Drop every picture. Then return, exactly, the lines from the beginning of the listing below through the one containing "LUKA BERCHTOLD |".

Content starts

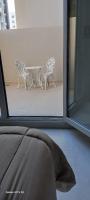 Ventana 2 - Bed and Breakfast Puerto Madryn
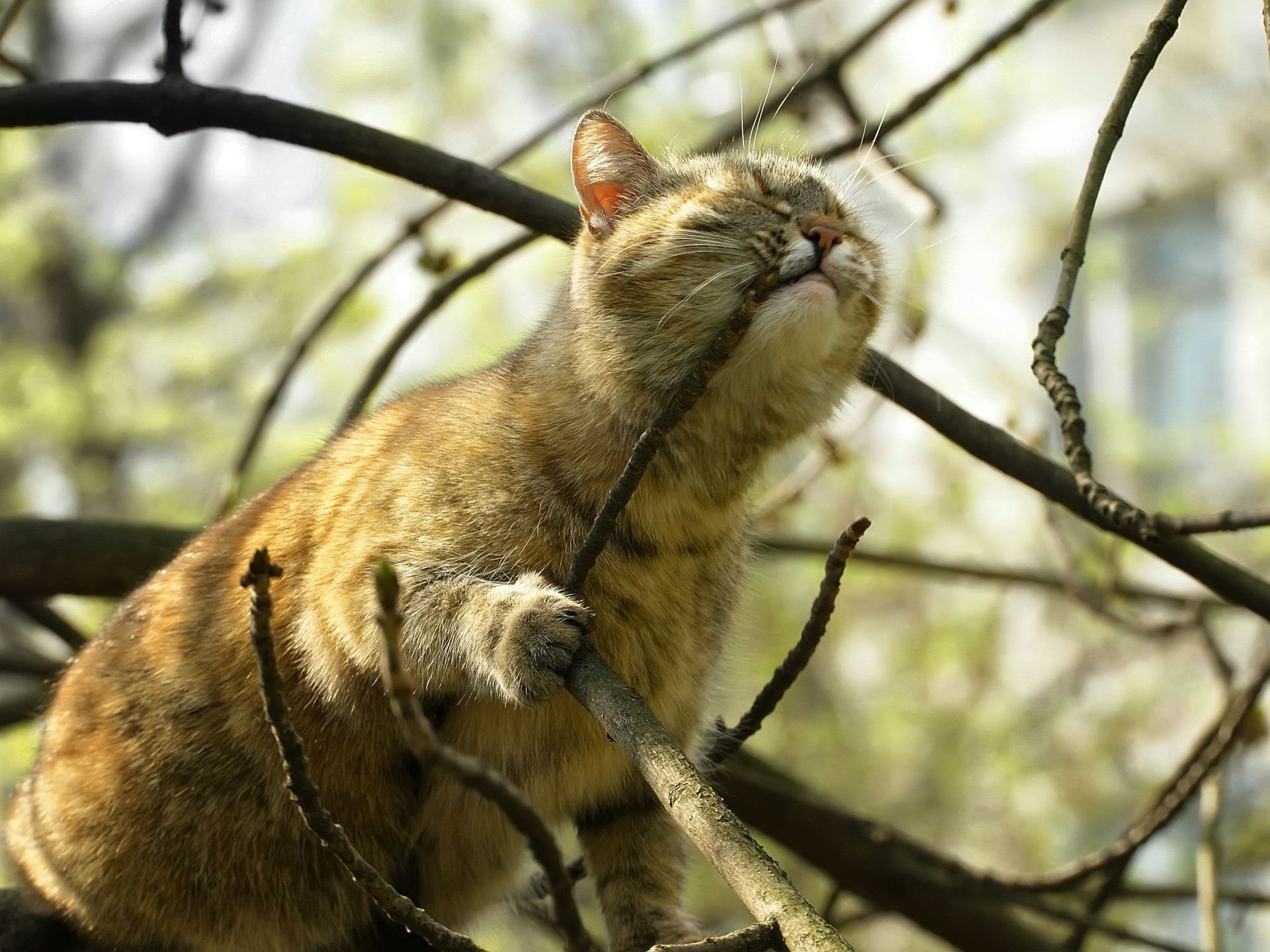 кот ветка дерево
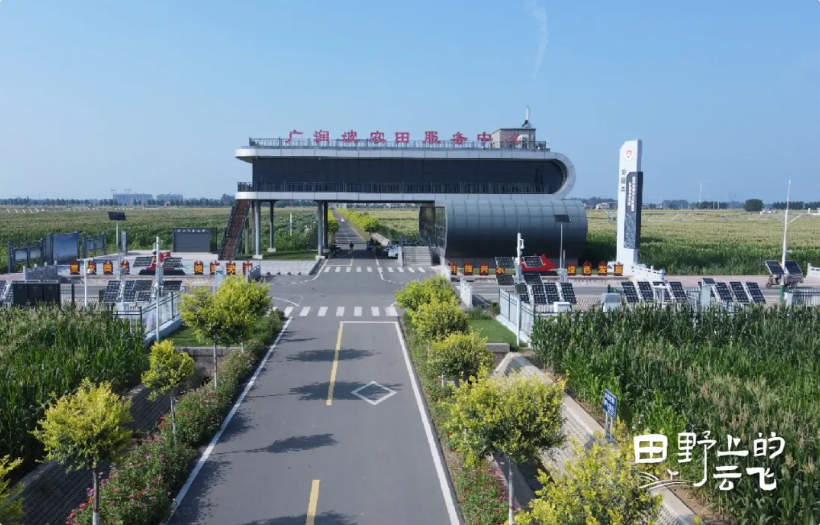 安阳广润坡高标准农田示范区：在万亩良田上，建一座数字粮仓
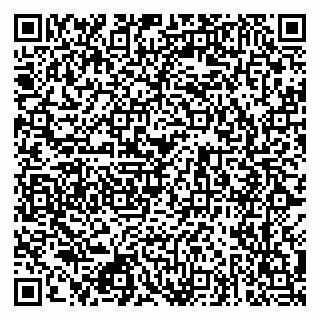 vCard 79026013531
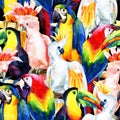 Watercolor parrots seamless pattern Royalty Free Stock Photo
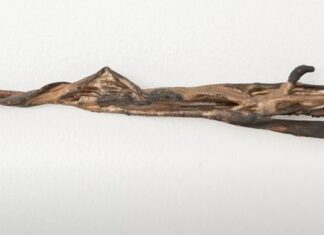 LUKA BERCHTOLD | Make Room for Lisa / Bildraum 01, Wien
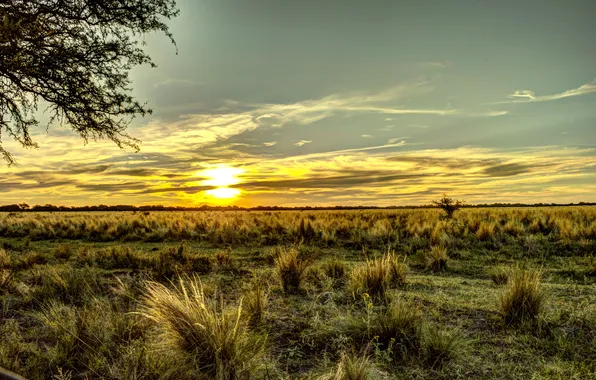 Картинка поле, небо, трава, рассвет, горизонт, Аргентина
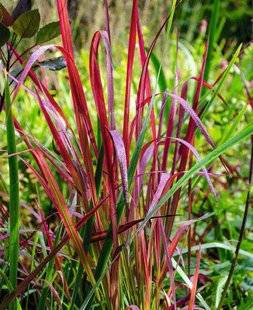 L'Ami des Jardins 1101 L'AUTOMNE AUSSI AIME LA COULEUR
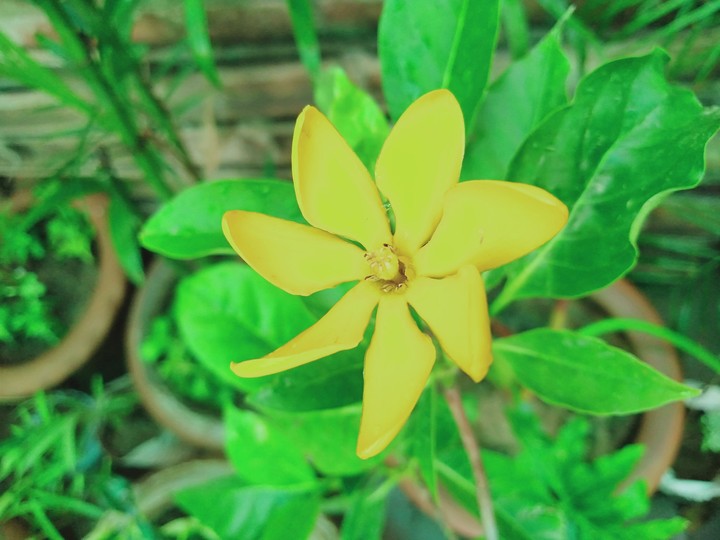 flower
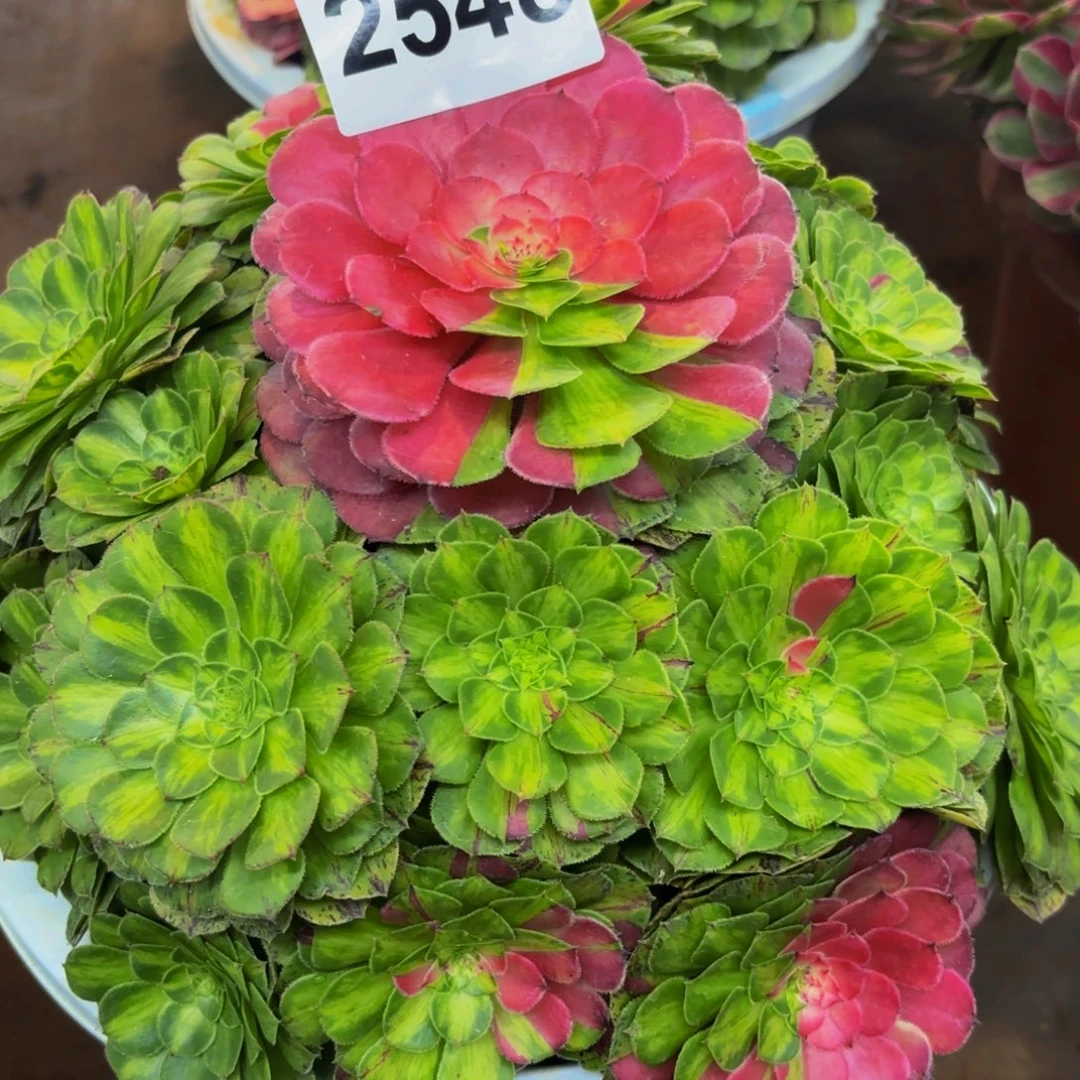 2548多肉植物知否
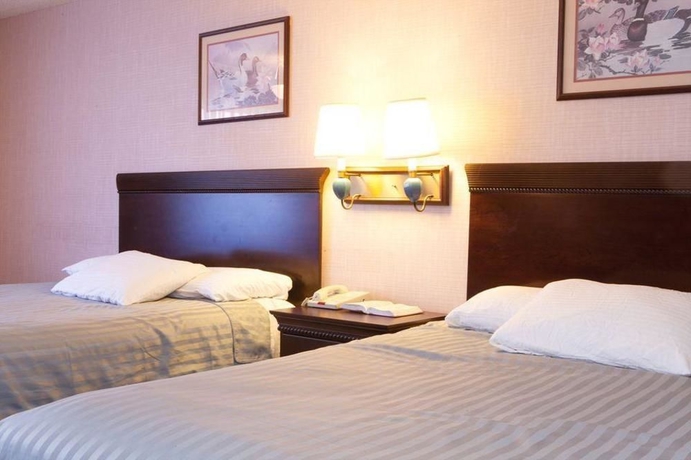 Imagen de la habitación del Hotel Brookhurst Plaza Inn. Foto 9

Content ends

» **SOLUTION FOR THIS PROBLEM**
 Ventana 2 - Bed and Breakfast Puerto Madryn
 кот ветка дерево
 安阳广润坡高标准农田示范区：在万亩良田上，建一座数字粮仓
 vCard 79026013531
 Watercolor parrots seamless pattern Royalty Free Stock Photo
 LUKA BERCHTOLD | Make Room for Lisa / Bildraum 01, Wien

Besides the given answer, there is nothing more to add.